Now that we have our sentiment analysis applied, we can now build our visualization.

ggplot(news_sent, aes(index,sentiment)) +
  geom_bar(stat = 'identity', aes(fill=source)) +
  theme_bw() +
  theme(legend.position = "bottom") +
  facet_grid(.~source)

You’ll notice a number of noticeable contrasting peaks in the data. The large positive peak for NPR is for election day likely announcing the day’s winners from the polls. National Review’s negative peaks are more difficult to assess. A deep dive into the articles on those days reveals that they report on a large variety of different topics related to politics, but infrequently about political news that occurred on that day.

Since both news outlets report roughly an equal amount on Trump, I decided to do a sentiment analysis of all articles about him.

trump_sent <- news %>%
  filter(title %like% 'Trump') %>%
  unnest_tokens(word, article) %>%
  anti_join(stop_words) %>%
  #take out numbers  
  filter(!str_detect(word, "^[0-9]*$"),
         #had to remove trump as a word
         word != 'trump') %>%
  inner_join(get_sentiments("bing")) %>%
  count(source, sentiment) %>% 
  spread(sentiment, n, fill = 0) %>%
  mutate(sentiment = positive - negative)
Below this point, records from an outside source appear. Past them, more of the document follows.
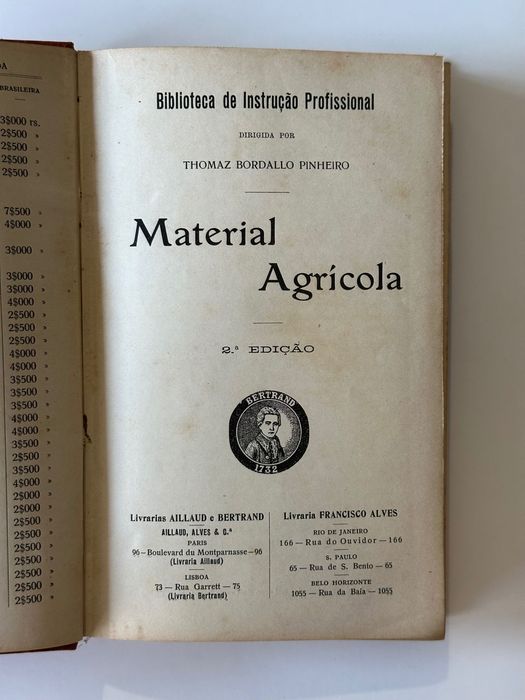 Biblioteca de Instrução Profissional: Material Agrícola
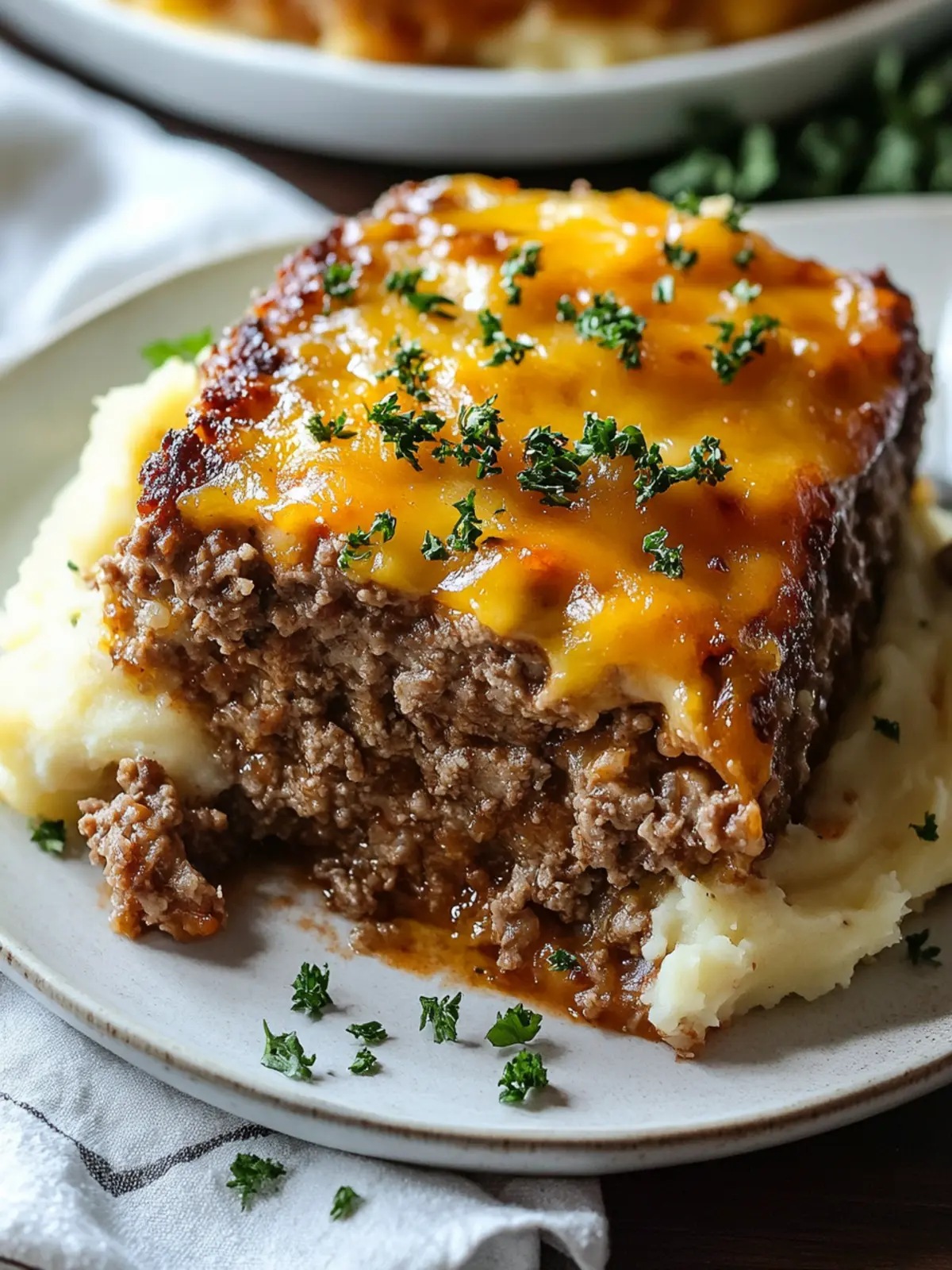 Savory Meatloaf with Mashed Potatoes and Cheese Delight 4 Meatloaf with Mashed Potatoes and Cheese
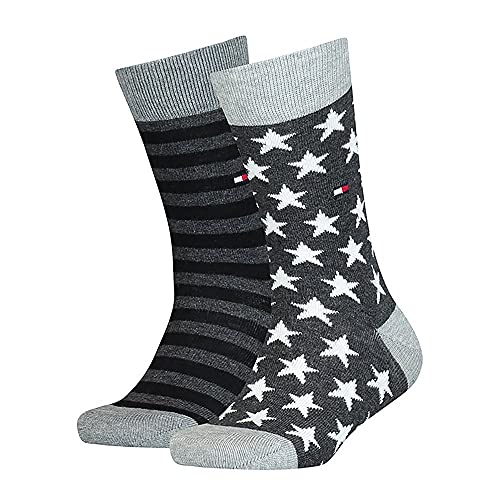 Tommy Hilfiger Stars and Stripes Kid's Socks (2 Pack) Calcetines, Negro, 35/38 (Pack de 2) Unisex Niños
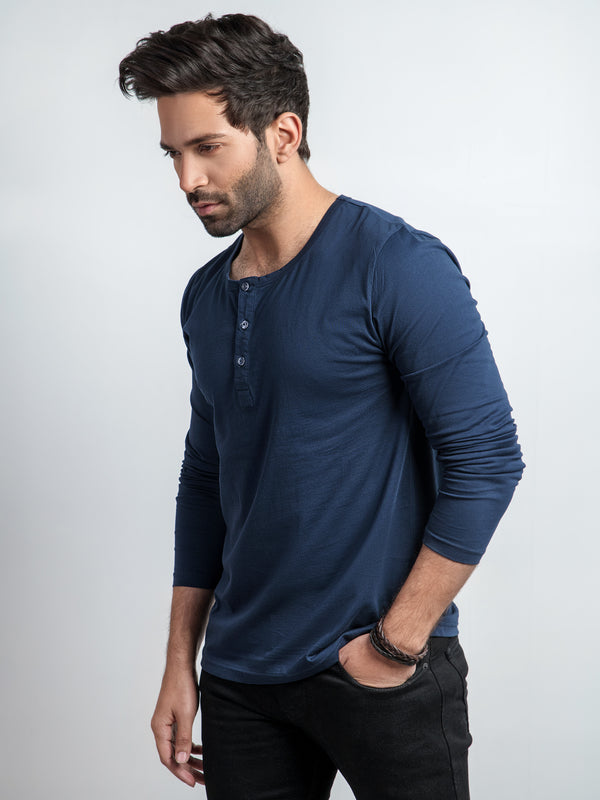 Men Henley Long Sleeve Tee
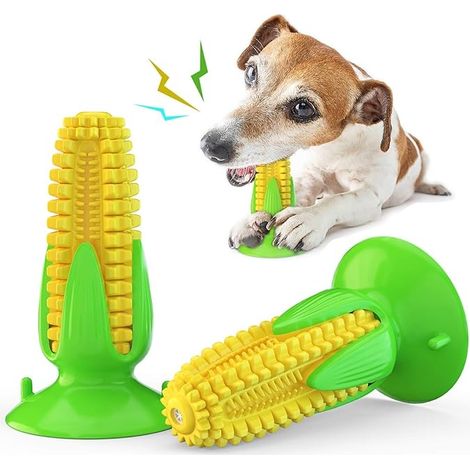 Jouet à mâcher pour chiot lors de la poussée dentaire - Épi de maïs résistant pour l'entraînement et le nettoyage des dents, brosse à dents interactive avec ventouse et couineur (1/5)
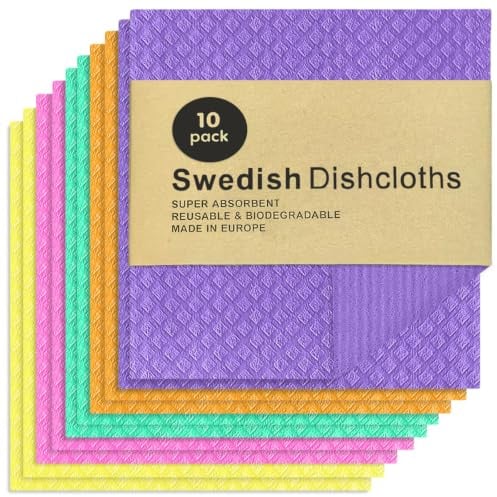 AMFUN 10er Pack Putzlappen, Wiederverwendbare Spültücher, Waschbare Schwammtücher Küche, Für Jede Oberfläche Geeignete Spüllappen(5 Farben)
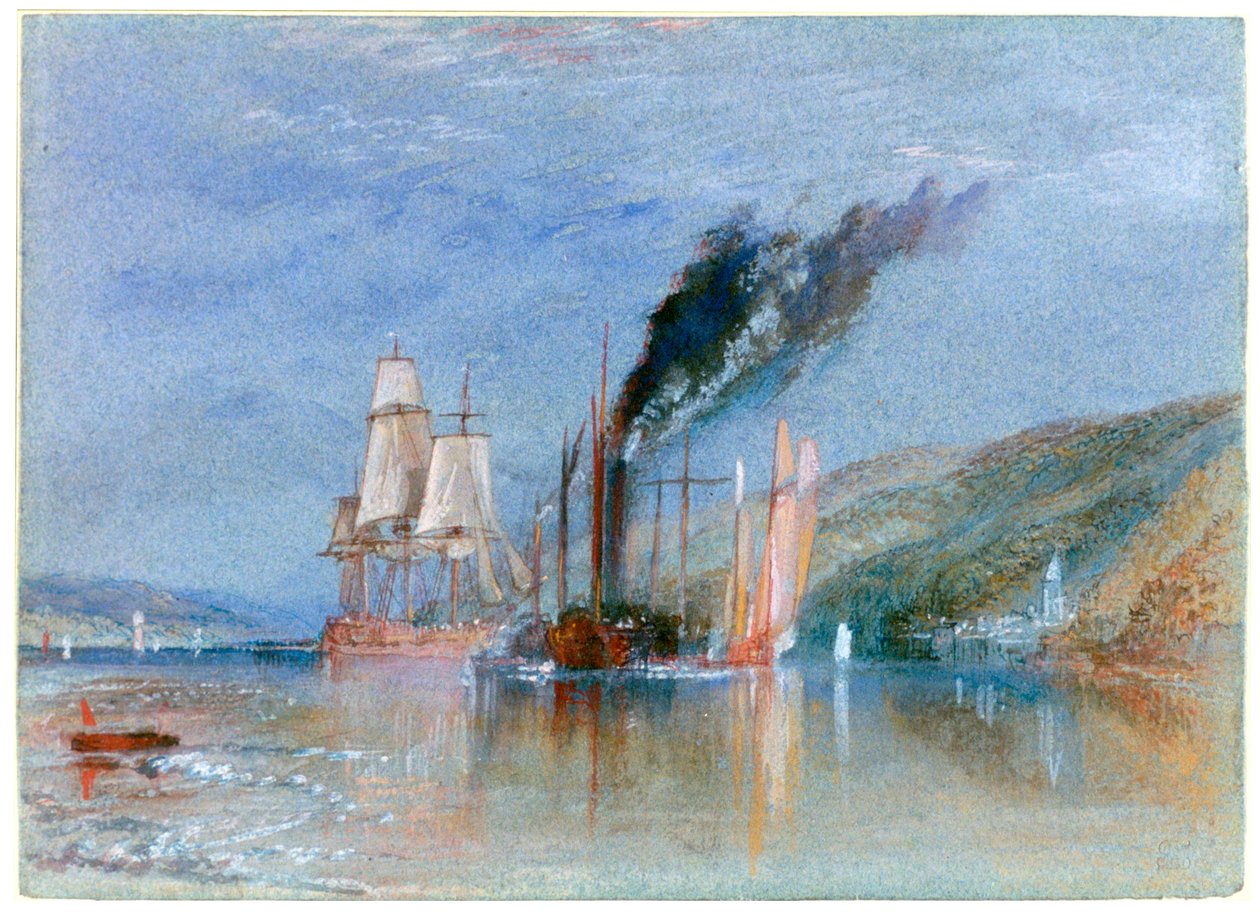Tussen Quillebeuf en Villequier door Joseph Mallord William Turner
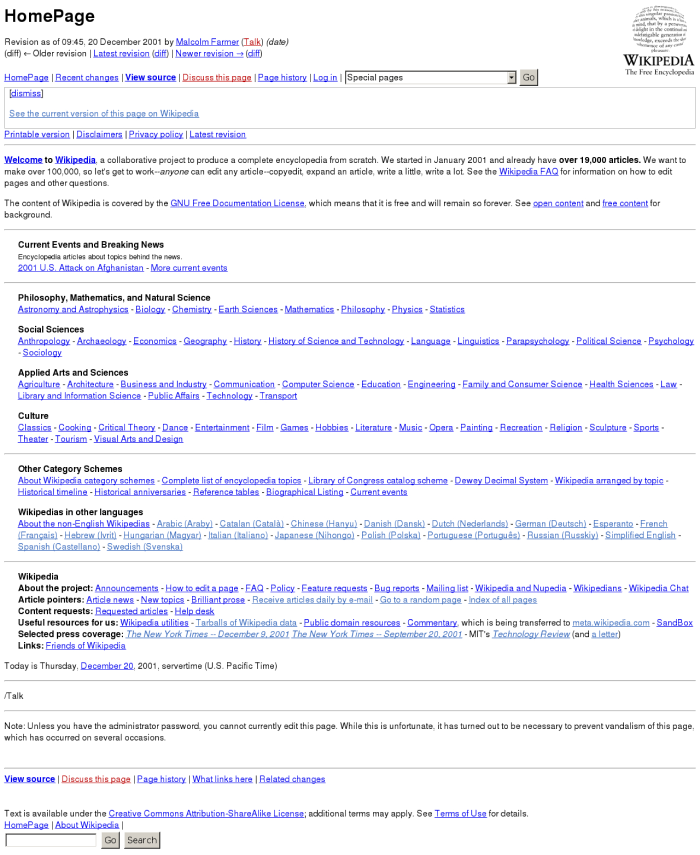 First preserved Main Page of Wikipedia
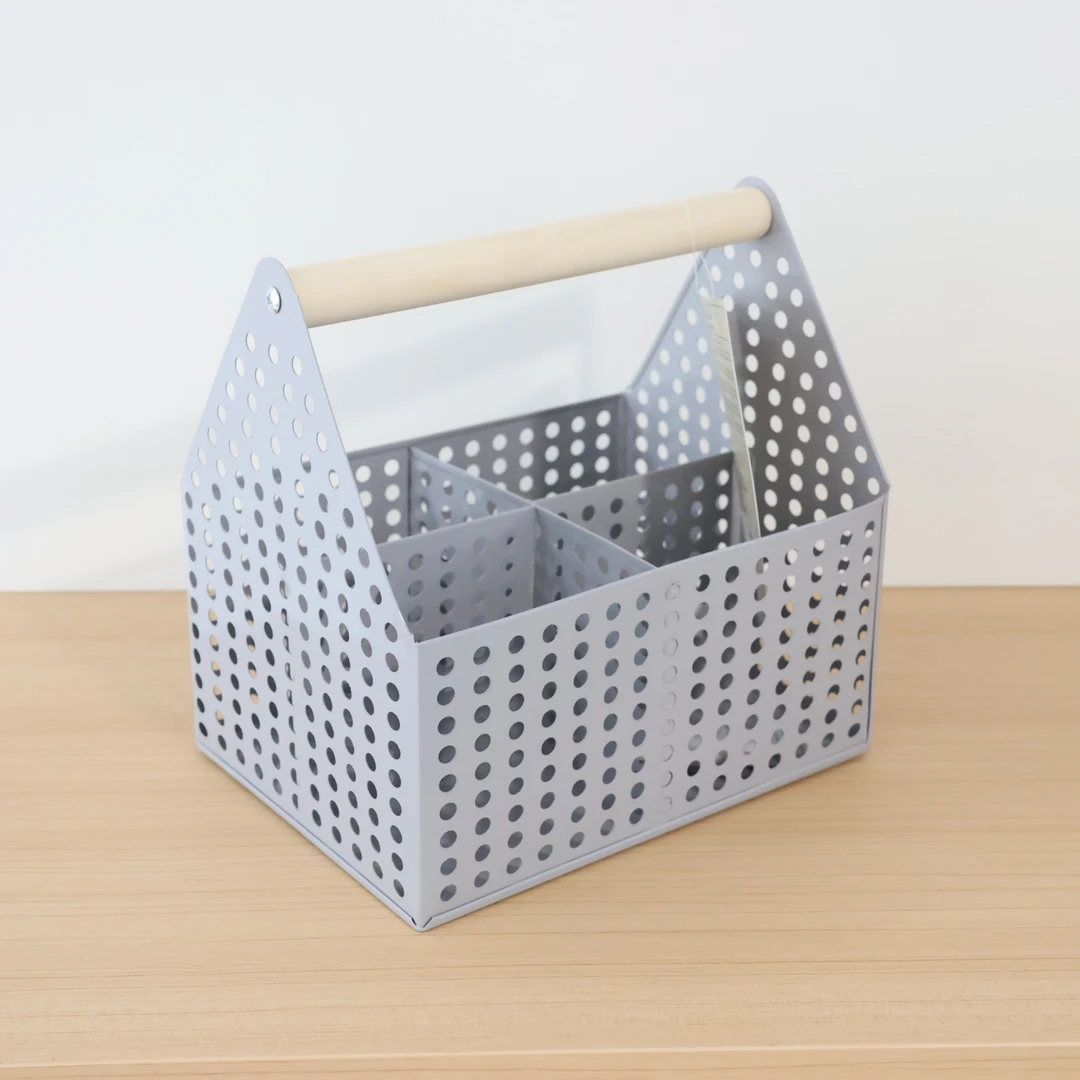 简约版四宫格铁艺收纳收纳透气筐子手提收纳饮料野餐收纳客厅家用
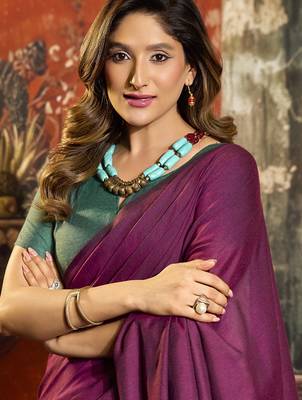 Elegant mal cotton saree with contrast pallu & fancy tassels 2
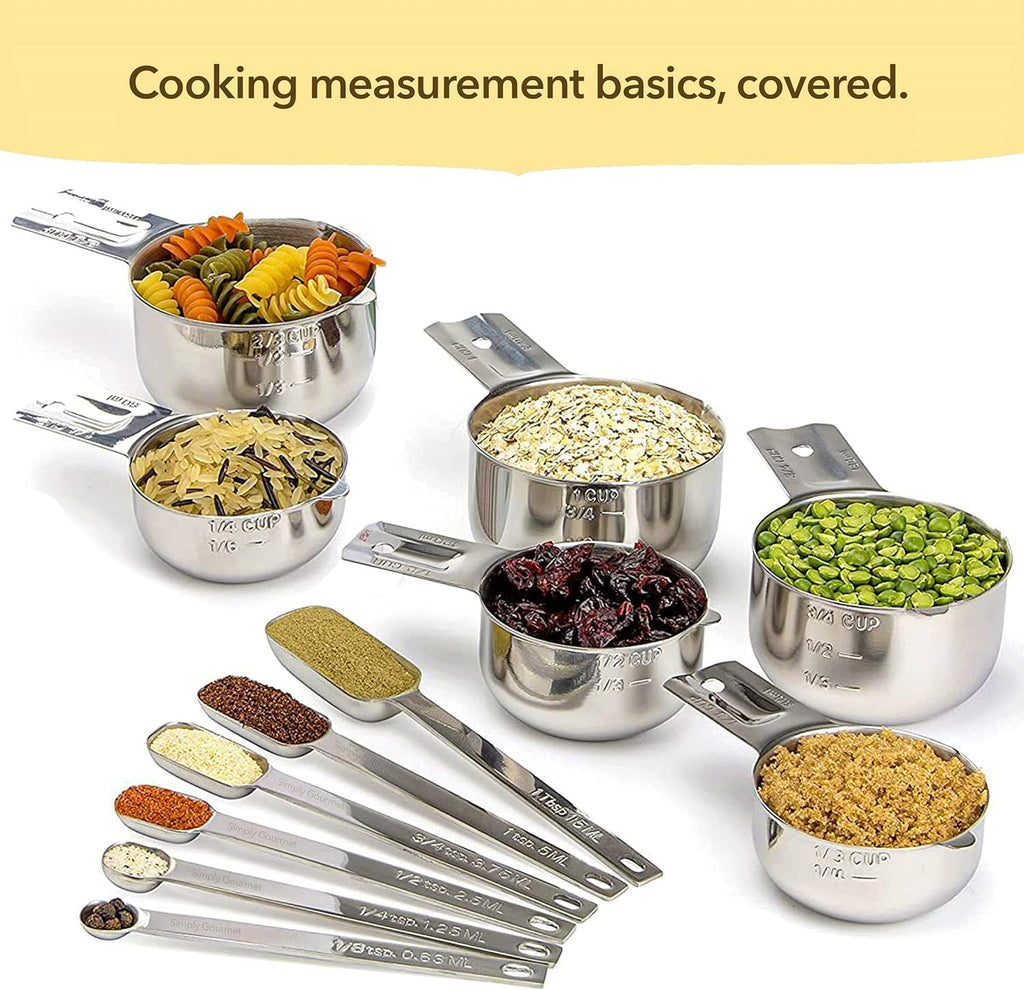 Measuring Cups & Spoons Set of 12, 18/08 Stainless Steel Kitchen Gadgets, Stackable Design with Long Handle Spoons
ggplot(trump_sent, aes(source,sentiment)) +
  geom_bar(stat = 'identity', aes(fill=source)) +
  theme_bw()

We notice that the negative sentiment towards Trump from NPR is double that of the National Review.

Conclusion & Next Steps

There are clear differences between how the two sites report on the news, which varies by topic and writing style. Ideal next steps would be to gather articles from many more news sources and to find differences between each source.